**PROBLEM TO WORK ON:**
Answer with the exact lines of the following material from the one containing "Sada balónových dekorácií" through the one containing "красноармейск, г.о. пушкинский, уборка", both end lines included.

**DATA IN THIS EXERCISE:**
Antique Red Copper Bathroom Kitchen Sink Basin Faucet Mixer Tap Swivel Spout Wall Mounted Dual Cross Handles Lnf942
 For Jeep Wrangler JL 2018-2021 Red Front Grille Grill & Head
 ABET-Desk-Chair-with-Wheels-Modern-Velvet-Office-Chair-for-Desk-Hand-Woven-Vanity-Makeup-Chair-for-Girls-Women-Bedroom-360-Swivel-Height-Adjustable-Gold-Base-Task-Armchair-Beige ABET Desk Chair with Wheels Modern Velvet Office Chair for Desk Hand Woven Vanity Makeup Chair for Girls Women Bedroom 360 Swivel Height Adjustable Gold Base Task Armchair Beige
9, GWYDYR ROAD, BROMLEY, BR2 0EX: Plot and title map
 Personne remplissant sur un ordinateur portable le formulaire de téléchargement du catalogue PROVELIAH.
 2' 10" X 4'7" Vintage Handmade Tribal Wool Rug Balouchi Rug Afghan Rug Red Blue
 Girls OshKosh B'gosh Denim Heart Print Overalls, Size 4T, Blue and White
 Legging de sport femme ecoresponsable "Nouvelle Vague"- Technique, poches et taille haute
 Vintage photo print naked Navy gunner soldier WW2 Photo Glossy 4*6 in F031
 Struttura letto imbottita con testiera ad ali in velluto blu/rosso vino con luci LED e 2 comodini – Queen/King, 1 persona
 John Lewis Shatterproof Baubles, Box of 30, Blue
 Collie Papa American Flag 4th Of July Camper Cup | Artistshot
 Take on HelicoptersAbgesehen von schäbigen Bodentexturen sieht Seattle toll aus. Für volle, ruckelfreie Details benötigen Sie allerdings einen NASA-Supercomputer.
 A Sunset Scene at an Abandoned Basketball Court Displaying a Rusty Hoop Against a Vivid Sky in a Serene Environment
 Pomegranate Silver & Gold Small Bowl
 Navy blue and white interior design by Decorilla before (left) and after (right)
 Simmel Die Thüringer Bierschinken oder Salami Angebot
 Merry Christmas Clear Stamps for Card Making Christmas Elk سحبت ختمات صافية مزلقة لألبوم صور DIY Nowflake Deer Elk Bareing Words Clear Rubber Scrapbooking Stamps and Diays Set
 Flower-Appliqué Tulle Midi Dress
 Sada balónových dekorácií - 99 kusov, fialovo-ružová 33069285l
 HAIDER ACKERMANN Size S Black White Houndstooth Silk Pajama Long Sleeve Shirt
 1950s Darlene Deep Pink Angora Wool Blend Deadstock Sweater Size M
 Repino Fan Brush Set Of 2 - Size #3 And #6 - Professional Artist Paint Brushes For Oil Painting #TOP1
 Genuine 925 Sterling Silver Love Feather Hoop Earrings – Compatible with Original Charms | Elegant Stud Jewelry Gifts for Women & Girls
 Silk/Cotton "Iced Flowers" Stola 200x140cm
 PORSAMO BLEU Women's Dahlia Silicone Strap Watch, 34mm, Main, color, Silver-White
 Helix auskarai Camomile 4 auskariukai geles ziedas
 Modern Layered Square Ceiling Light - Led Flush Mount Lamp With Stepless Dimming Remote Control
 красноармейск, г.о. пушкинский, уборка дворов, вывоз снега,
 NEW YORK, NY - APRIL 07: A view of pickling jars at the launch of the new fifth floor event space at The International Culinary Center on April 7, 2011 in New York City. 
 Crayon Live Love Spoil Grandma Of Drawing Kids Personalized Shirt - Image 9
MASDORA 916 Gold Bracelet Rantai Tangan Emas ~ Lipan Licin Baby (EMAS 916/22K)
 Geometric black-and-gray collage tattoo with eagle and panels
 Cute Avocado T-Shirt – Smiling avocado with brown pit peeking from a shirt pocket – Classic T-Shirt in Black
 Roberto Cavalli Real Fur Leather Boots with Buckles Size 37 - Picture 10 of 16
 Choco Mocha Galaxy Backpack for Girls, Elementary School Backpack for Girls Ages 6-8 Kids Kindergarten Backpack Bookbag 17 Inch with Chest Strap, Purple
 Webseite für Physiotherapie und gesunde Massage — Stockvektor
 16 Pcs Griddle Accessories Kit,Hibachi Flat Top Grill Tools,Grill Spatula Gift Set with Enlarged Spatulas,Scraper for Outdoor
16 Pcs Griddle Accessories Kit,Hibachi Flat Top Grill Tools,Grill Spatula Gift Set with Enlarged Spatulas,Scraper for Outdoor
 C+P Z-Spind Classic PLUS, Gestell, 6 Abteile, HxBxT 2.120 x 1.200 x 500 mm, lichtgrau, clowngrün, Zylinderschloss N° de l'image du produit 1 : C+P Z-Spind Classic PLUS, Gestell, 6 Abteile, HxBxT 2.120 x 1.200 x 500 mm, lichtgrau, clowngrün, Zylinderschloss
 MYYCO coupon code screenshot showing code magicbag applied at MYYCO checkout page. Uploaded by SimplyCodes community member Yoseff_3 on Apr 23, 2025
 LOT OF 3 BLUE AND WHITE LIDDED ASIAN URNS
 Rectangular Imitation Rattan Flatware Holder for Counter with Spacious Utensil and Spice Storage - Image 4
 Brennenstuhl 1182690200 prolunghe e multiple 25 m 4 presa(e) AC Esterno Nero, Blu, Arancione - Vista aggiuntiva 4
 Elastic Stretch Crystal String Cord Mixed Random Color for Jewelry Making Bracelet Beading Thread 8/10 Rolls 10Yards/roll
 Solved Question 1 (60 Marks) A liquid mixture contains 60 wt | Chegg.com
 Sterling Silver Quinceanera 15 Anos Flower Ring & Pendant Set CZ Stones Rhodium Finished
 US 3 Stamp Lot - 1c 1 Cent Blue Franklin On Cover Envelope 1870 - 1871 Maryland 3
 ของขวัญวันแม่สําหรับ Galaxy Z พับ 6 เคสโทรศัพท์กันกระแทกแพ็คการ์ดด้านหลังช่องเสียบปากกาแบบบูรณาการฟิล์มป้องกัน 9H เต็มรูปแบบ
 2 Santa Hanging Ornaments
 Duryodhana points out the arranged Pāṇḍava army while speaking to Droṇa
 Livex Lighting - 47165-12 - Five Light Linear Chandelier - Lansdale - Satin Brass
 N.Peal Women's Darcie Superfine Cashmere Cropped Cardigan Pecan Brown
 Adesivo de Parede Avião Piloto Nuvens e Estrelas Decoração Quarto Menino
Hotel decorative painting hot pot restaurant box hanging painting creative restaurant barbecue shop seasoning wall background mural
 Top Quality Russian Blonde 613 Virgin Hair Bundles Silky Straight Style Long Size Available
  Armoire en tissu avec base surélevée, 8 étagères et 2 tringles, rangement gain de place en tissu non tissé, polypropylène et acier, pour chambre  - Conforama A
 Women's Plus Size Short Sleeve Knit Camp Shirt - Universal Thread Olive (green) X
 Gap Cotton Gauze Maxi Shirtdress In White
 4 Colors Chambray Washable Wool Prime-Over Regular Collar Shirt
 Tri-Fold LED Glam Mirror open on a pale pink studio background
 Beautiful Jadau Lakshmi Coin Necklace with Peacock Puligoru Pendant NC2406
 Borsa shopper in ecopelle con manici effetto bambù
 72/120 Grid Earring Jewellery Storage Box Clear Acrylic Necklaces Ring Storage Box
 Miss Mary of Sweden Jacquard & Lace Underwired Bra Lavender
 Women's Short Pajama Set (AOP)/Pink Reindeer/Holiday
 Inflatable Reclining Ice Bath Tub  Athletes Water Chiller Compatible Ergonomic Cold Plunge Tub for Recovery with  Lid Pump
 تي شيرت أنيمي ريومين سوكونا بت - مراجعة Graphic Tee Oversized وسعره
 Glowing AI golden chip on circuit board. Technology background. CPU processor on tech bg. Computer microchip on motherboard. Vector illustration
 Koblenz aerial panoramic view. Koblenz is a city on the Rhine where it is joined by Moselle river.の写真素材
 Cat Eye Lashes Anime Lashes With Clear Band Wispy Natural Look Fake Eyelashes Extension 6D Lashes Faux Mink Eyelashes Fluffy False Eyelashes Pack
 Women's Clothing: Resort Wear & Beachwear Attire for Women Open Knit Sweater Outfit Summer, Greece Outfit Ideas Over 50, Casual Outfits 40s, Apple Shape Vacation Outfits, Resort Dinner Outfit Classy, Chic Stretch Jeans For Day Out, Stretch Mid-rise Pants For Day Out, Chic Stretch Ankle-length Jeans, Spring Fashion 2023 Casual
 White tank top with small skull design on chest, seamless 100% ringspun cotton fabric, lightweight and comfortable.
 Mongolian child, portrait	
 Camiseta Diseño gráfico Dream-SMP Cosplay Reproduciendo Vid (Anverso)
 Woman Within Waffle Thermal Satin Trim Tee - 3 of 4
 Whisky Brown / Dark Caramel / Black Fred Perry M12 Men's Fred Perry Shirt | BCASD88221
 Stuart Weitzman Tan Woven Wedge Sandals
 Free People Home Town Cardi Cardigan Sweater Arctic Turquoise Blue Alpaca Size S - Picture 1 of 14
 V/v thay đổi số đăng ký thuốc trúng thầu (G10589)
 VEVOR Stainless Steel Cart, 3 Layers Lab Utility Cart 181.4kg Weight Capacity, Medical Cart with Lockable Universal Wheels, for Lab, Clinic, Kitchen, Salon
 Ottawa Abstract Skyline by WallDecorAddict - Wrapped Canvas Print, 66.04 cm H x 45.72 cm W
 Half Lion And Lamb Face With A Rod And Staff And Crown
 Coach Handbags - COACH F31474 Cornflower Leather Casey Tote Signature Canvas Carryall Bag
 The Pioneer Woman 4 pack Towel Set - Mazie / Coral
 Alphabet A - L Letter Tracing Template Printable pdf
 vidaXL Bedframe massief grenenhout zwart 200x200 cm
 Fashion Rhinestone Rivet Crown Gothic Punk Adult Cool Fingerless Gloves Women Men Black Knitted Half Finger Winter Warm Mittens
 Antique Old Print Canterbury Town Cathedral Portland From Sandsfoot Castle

**OUTPUT FOR THIS TASK:**
 Sada balónových dekorácií - 99 kusov, fialovo-ružová 33069285l
 HAIDER ACKERMANN Size S Black White Houndstooth Silk Pajama Long Sleeve Shirt
 1950s Darlene Deep Pink Angora Wool Blend Deadstock Sweater Size M
 Repino Fan Brush Set Of 2 - Size #3 And #6 - Professional Artist Paint Brushes For Oil Painting #TOP1
 Genuine 925 Sterling Silver Love Feather Hoop Earrings – Compatible with Original Charms | Elegant Stud Jewelry Gifts for Women & Girls
 Silk/Cotton "Iced Flowers" Stola 200x140cm
 PORSAMO BLEU Women's Dahlia Silicone Strap Watch, 34mm, Main, color, Silver-White
 Helix auskarai Camomile 4 auskariukai geles ziedas
 Modern Layered Square Ceiling Light - Led Flush Mount Lamp With Stepless Dimming Remote Control
 красноармейск, г.о. пушкинский, уборка дворов, вывоз снега,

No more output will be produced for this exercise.